Election 2016: 7 ways to avoid conflict in your relationship

Election 2016: 7 ways to avoid conflict in your relationship

I’ve been on this planet for a while, and this is by far the most emotionally charged election cycle I’ve seen in my life time. In the following article by Stephanie Booth for CafeMom.com’s The Stir, I set forth 7 ways to keep the conflict swirling in the political world from having a negative impact on your romantic relationship. I’ve reposted the full article in its entirety below:
7 Steps to Relationship Survival During Election Season
by Stephanie Booth
http://thestir.cafemom.com/love_sex/197442/7_steps_to_relationship_survival
Election season doesn’t have a reputation for being pleasant, but this time around, it seems way more icky and affecting than usual. Political lines aren’t just being drawn among Facebook friends and coworkers, but among couples, as well.

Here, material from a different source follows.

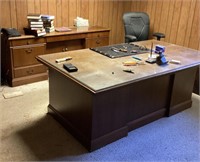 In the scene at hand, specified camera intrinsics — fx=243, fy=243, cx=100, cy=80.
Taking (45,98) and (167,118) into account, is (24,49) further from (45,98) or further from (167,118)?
(167,118)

Politics is one of those hot-button issues that you’ve probably been advised at some point in your life to ignore — right up there with abortion, religion, and whether Kanye West is a genius or an a**hole.
Fair enough. But you can’t really ignore when your partner suddenly comes home sporting a “Make America Great Again” baseball cap and you’ve got a “Feel the Bern” bumper sticker firmly affixed to your station wagon.
If you’re together, you SHOULD be on the same page, right?
Not necessarily.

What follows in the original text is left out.